Intermittent VPN and Slowness With Multiple ISP Configuration
Resolution
Issue
A number of Site-to-Site IPSec VPN between Palo Alto Networks firewall (HQ) and remote sites are experiencing slowness, low throughput and FTP transfer issues. The symptom started to appear after a Palo Alto Networks firewall replaced several VPN devices at the HQ site.
Cause
The issues may be due to asymmetric routing for the VPN tunnels caused by the multiple ISPs. If the default route was configured to only one ISP, the other links would be underutilized while the main line became overutilized. The problem would not be present before deployment of the Palo Alto Networks firewall if each VPN tunnel was terminated on a different VPN device at HQ.
Resolution
Configure the VPN tunnels on the Palo Alto Networks firewall to route VPN traffic to the interface or ISP that is receiving the VPN traffic. This will avoid the asymmetric routing and balance the bandwidth utilization on the multiple ISP links.
To further illustrate the solution, see the example below.
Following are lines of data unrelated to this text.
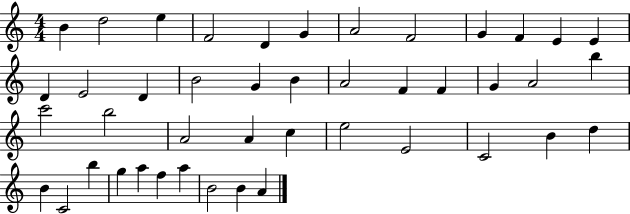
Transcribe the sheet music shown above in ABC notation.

X:1
T:Untitled
M:4/4
L:1/4
K:C
B d2 e F2 D G A2 F2 G F E E D E2 D B2 G B A2 F F G A2 b c'2 b2 A2 A c e2 E2 C2 B d B C2 b g a f a B2 B A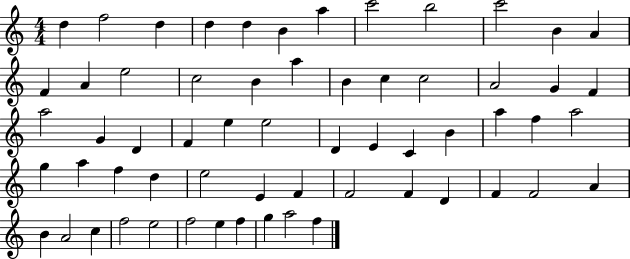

Interfaces E1/1 , E1/2 and E1/3 are all ISP facing interfaces, all under same Virtual Router. Therefore with this setup only one ISP can be configured as a default route.
Two VPN tunnels are sourcing from E1/1 and E/12.
Static routing configuration below shows E1/3 was chosen to be the main default route, E1/1 as secondary and E1/2 as third.
To make sure that VPN tunnel traffic will not exit the main default route to E1/3, a static host route to the peer VPN tunnels were configured.
Go to Network > Virtual Router > Default (or VR of choice) > More Runtime Stats
This ensures symmetric routing for the VPN tunnels and proper load sharing of ISP bandwidth.